NAT Pool Definition: A range of public IP addresses a NAT device draws from to translate many private hosts' traffic for internet access, often combined with PAT.
A NAT pool is a defined range of public (routable) IP addresses that a Network Address Translation device draws from to translate the private addresses of internal hosts. Instead of mapping all internal traffic to a single public IP, the device dynamically assigns addresses from the pool, enabling many private hosts to reach the internet while conserving and managing public address space.
The NAT device maintains a translation table mapping inside local addresses to public addresses allocated from the pool. In dynamic NAT, each internal host that initiates a session gets a pool address for the duration of that session; when combined with Port Address Translation (PAT/overload), many internal hosts share one or a few pool addresses distinguished by source port numbers, allowing far more concurrent connections than addresses. On Cisco IOS this is configured with an ip nat pool statement referenced by a NAT rule.
For security, NAT pools provide a degree of topology hiding: external parties see only pool addresses, not the internal addressing scheme, which obscures the internal network and prevents direct inbound connections to private hosts unless explicitly mapped. While NAT is not a substitute for a firewall, it adds a barrier against unsolicited inbound traffic. Pool sizing also matters, exhausting the pool denies new outbound sessions, a potential availability issue an attacker could try to trigger.

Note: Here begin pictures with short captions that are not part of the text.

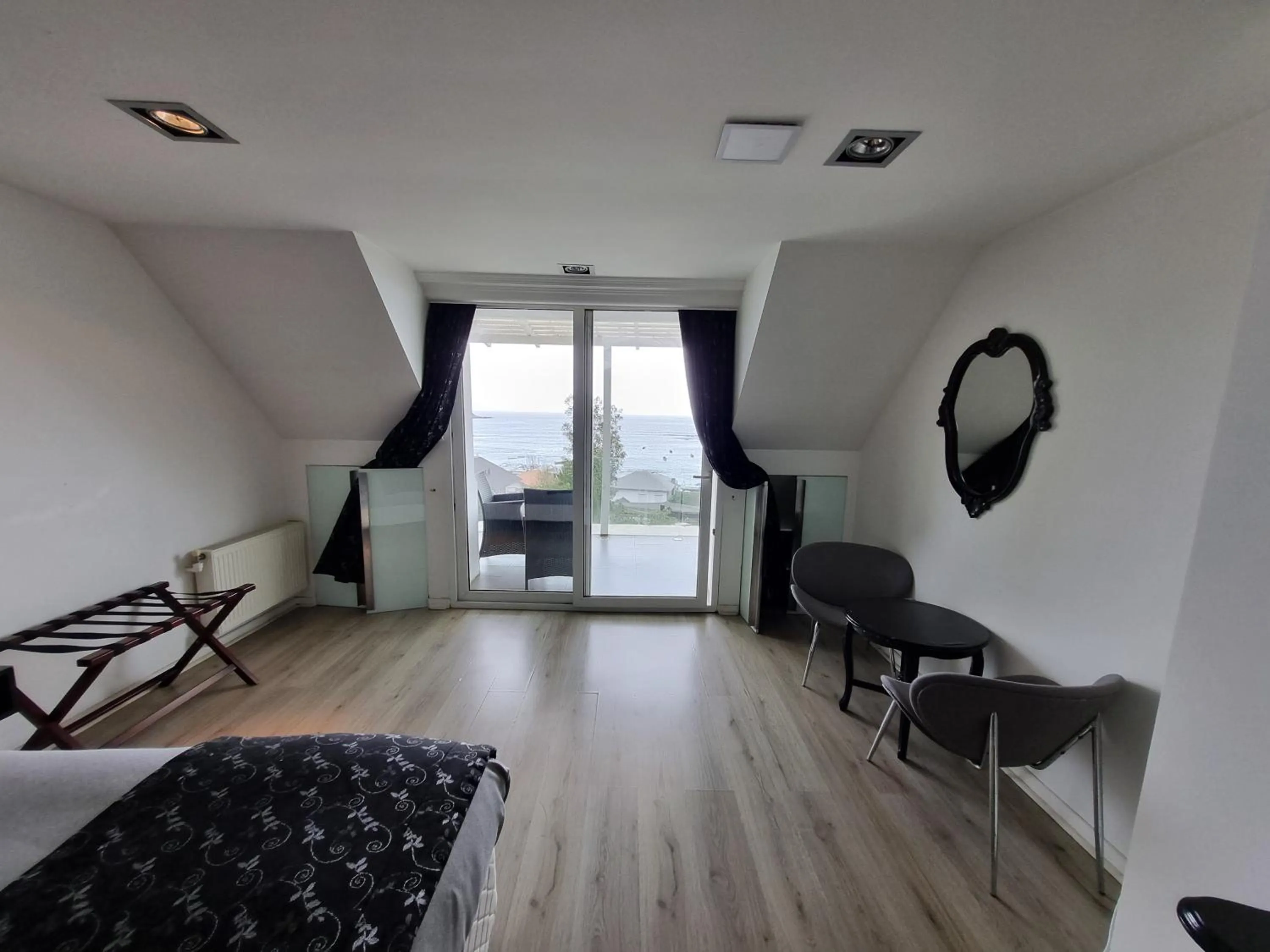 Photo of the whole room in Winery Hotel Boutique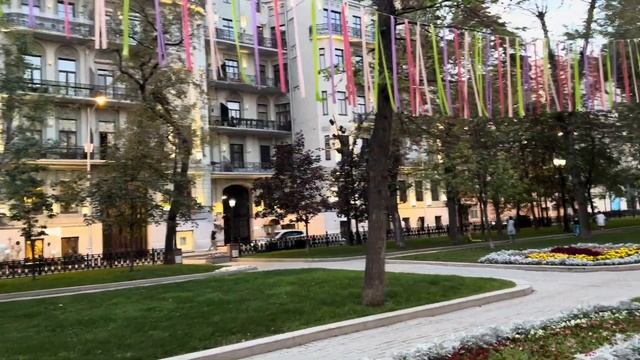 2608.23 (2)💔МОСКВА💙.ВЕЧЕРНИЙ ГАСТРОТУР.ВЫСТАВКА ЦВЕТОВ.СЕРГЕЙ ЗВЕРЕВ. 4К60 HDR смотреть онлайн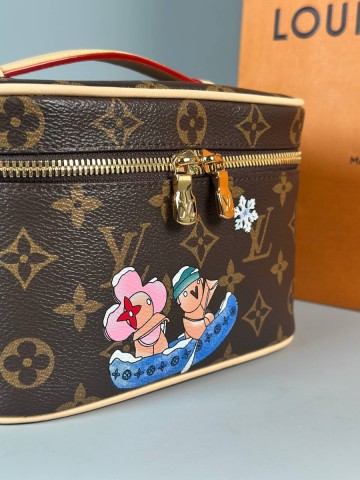 Louis Vuitton Nice Mini косметичка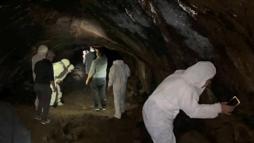 Öğretmenler özel kıyafetlerle lav tüpünü gezdi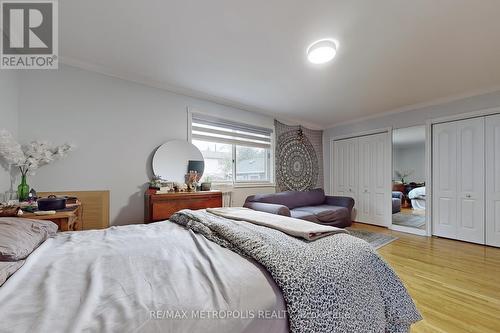 709 Keates Avenue, Oshawa, ON - Indoor Photo Showing Bedroom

For example, a branch office with 500 internal devices is allocated a small block of eight public IP addresses. The administrator configures a NAT pool of those eight addresses with PAT overload. As users browse the internet, the router maps their private 10.x addresses to public addresses from the pool, multiplexing thousands of sessions across the eight IPs by varying source ports. Outsiders observing the traffic see only the pool addresses, never the internal 10.x hosts, keeping the internal layout hidden while every user retains internet access.